Вот тут мы и натыкаемся — не обойти никак — на точку дивергенции, или, так скажем, точку расхождения в социальной эволюции, приведшей к двум полярным родам. А именно: к сытому, на хозяйской цепке, хвостом безустанно виляющему Полкашке (с повытертой от ошейничка выей, в залысьях от намордничка харей) — и к поджарому, в колтунах и чертополохе, никому-не-подневольному, уличному псу-клошару, не получившему от двуногих, кстати сказать, даже имени. Взявшему за правило себе лишь самому служить и угождать, невозбранно бродящему здесь и там, дивясь божественным природы красотам. А те, которые в ошейниках, — кто такое о себе сказать может?..
Итак: что делал бы бедолага Том на басурманщине? Да мало ли дел. К промеру — блядям в баре подавал ананасную воду.
Потому что эта субстанция, ананасная вода, будучи продуцирована ананасом, а не мозгом подавальщика Тома, сущностью Тома не является…
Как говорят в Одессе, вы, конечно, будете очень смеяться, но Сарочка тоже умерла. То есть — про блядей в баре и про анансную воду сказал один государственный песнопевец, фразу реализовавший с точностью наоборот: это именно он был тем, кому эту воду подавали. Краснодеревщики не слали мебель на дом, это правда: они ее госпеснопевцу привозили собственноручно. Вообще такое генетическое отклонение у двойных рабов (невольников муз и земных властителей) наследуется, как проклятие рода, с ужасающей регулярностью: говорить публично одно, и делать — опять же публично! — абсолютно противоположное. Это напоминает Тому наследственное раздвоение языка и размягчение мозга, которым был зверски наказан один валлийский княжеский род за ужасающие злодеяния. Но самое знаменательное в данном положении вещей то, что почтенная публика, наказанная безумием, этого уродства напрочь не замечает.
Глава 4. Устерсы и немножко нервно
Однако воротимся к Петру Аристарховичу.
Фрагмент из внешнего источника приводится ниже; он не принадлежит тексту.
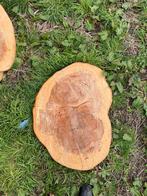 Boomstamschijven beuken diverse maten, Doe-het-zelf en Verbouw, Hout en Planken, Nieuw, Beuken, Ophalen of Verzenden, Minder dan 200 cm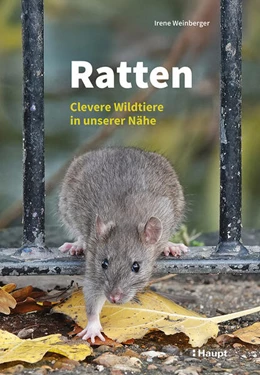 Abbildung von Weinberger | Ratten | 1. Auflage | 2025 | beck-shop.de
Как только первые, ласковые еще касания (заплечных мастеров) достигли чувствительных телес бывшего наследника (называемого батюшкой теперь не иначе как «вор, изменник, иуда»), единомоментно с этим (именно единомоментно!) Петр Аристархович получил свое переименование: в грамоте он значился уже как дворянин, и была дадена ему дворянская фамилия.
Оценим остроумие государя (Петр Аристархович был тощ, как влюбленная вобла), а также неизбежную дань монарха азиопскому вкусу: ежели, к примеру, у башкирских князьков тот считался наибогаче протчих, у коего — от сала бараньего — волоса жирнее блестели (длани после трапезы обильной специально с этой целью о власы отирались), то на запад ориентированный реформатор считал, что богатый дворянин должен быть толстым (облым), дабы тук его у простолюдинов почтение беспрестанно вызывал… Ох! — как это можно было запамятовать? — и вот еще что, совсем не маловажное: вместе с новым званием Петр Аристархович, разумеется, и материальный эквивалент рачению своему заполучил: гельд белонунг, прайс — денежную премию.
Случалось часто — на протяжении этих мылких от крови, костоломных неделек, — что реформатор, людишкам своим не доверяя, собственноручно воспитанием сына в темницах потайных занимался. Царь на мучения плоти затейлив был, однако ж мы его патенты, в смысле копирайты, или, по-народному, «ноу хау», опустим. Почему? Нет, не по нервической слабости. А потому, что они, «патенты» эти — и они тоже! — есть цена колдовской петрославлевой красы: мозг-то наш, по ужачьей своей увертливости, Красу-на-Крови приемлет безоблачно, но память, память!
Итак, сузим царевы затеи садистские до более-менее консервативных: совлекши с сына остатки одежд, зачинал он порку невыносливых евоных рамен с помощью кошек. (Это не те кошки, автор обязан заметить, с которыми последующие Жирняго за паркеты сановные цеплялись, — а старомодные, другого роду-племени: плети с несколькими хвостами — примененные в силу того, что кнут-длинник уж давно размахрился. Однако ж перекличка, кошка с кошкою, явлена, прямо скажем, в сиринском духе.) Что тут скажешь? Благодаря литературному таланту Петра Аристарховича влип царевич конкретно: умирать смертию томною, под батожьем, под вышеупомянутыми кошками, в кандалах, в темнице, нагу, босу, алчущу, жаждущу, беззащитну, при всегдашнем поругании.